With protests roiling Hong Kong, Art Basel has been working to keep dealers committed to participating in its annual fair there, which runs March 19 through 21, by providing various kinds of discounts and incentives. Yesterday, Art Basel sent an email to participating dealers, offering them some flexibility: by providing the option for them to reduce their booth size, and by lowering the withdrawal fee to 75 percent of the booth’s total cost, down from the 100 percent it would normally charge so late in the game. The fair also said that, if it is forced to cancel the event “for reasons outside of our control” it would refund 75 percent of the booth’s costs.
It has been reported that the fair, which began in 2013, has been offering discounts of as much as 10 percent on items like lighting and floors for the booths, and partner vendors such as hotels have also extended possible deals.
ARTnews spoke to a wide variety of dealers, few of whom were willing to comment on the record, given importance of Art Basel business to their bottom line. Most said they are satisfied that the fair organizers are doing their best in a complex situation, though a few questioned the appropriateness of holding an art fair in a city where protestors are risking their lives every day to support a more democratic Hong Kong.
“When one sees the images in the media,” said Sean Kelly, the founder of an eponymous New York and Taipei gallery participating in the 2020 fair, “one feels very strongly that one wants to stand for those fighting for democracy and in some cases their lives. But the corollary to that is if one doesn’t attend the fair, one is letting down a much larger percentage of the population who voted resoundingly and definitely supported democracy but at the same time … are people who are trying to support their family. There are taxi drivers, the laundresses, the busboys, all of the people who work in the infrastructure that surrounds the fair who are in dire circumstances financially because of the ongoing issue in Hong Kong. … I think it is a very difficult, very complicated, and nuanced situation.”

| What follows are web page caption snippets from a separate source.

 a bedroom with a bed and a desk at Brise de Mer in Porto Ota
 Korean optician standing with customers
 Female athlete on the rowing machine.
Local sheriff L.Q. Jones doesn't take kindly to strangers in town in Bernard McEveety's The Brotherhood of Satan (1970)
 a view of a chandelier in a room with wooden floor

No dealer ARTnews spoke with indicated that they would be dropping out. Tourism in Hong Kong has fallen substantially since the protests began in June, and the city arguably needs the support of a major event like Art Basel Hong Kong.
Dealers, particularly those with branches in Hong Kong, have been watching the situation closely. Hauser & Wirth indefinitely postponed an Annie Leibovitz show in November, while David Zwirner has said that the market in the city remains strong.

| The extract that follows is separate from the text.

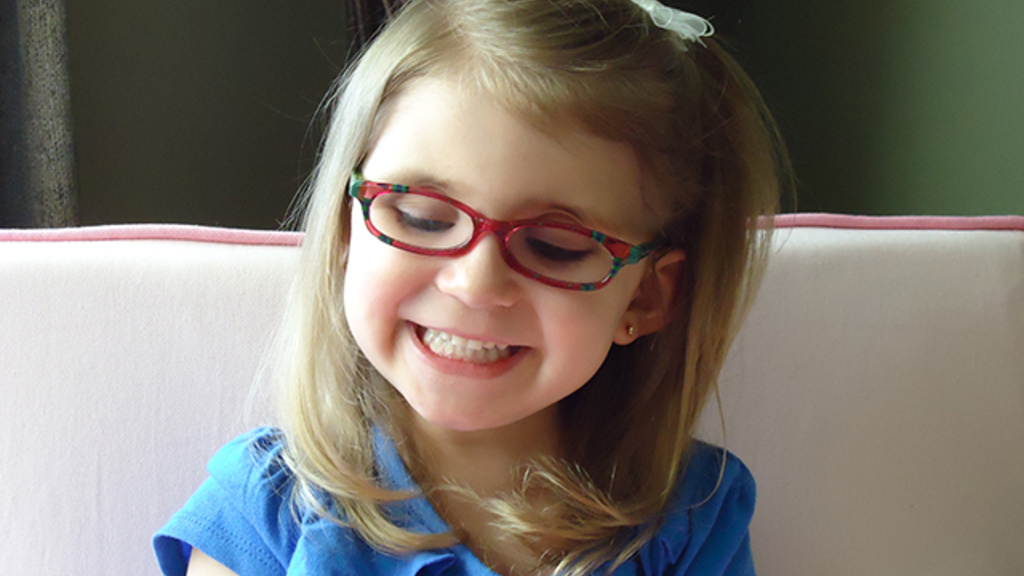 young girl wearing red glasses, smiling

Art Basel’s statement to dealers follows in full below, with additional comments from the fair at the start.
We are following the political situation in Hong Kong closely, and while no gallery has withdrawn from the fair since we announced the galleries list in mid-October, it has naturally raised concerns about Art Basel Hong Kong next year.
Yesterday, December 16, we sent an email to exhibitors reiterating our commitment to delivering a strong show in March 2020, and outlined the significant additional resources we have invested into promoting the fair, through VIP outreach efforts, enhanced marketing and expanded programming, to ensure the highest quality show possible. But most importantly, we shared that if we were forced to cancel the show for reasons outside of our control, we would refund at least 75% of the exhibitor’s booth fee – substantially mitigating the financial risk of participation for our exhibitors.
In addition, since we deeply value our relationship with our gallerists – and recognize the paramount importance of mutual trust in working together – we offered galleries the following one-time opportunities given the exceptional circumstances relating to the next Hong Kong show:
Galleries may opt to reduce the size of their booth, in order to reduce their financial commitment.
Normally, galleries withdrawing at this stage would owe 100% of their booth fee; however, we will honor the earlier withdrawal fee of 75% – that was in effect from October 1 to November 30 – until December 23, 2019.
We hope that this communication and the various options it outlines reaffirms both our commitment to Hong Kong, which has been our home since 2013, but also our dedication to supporting our galleries in every way possible.”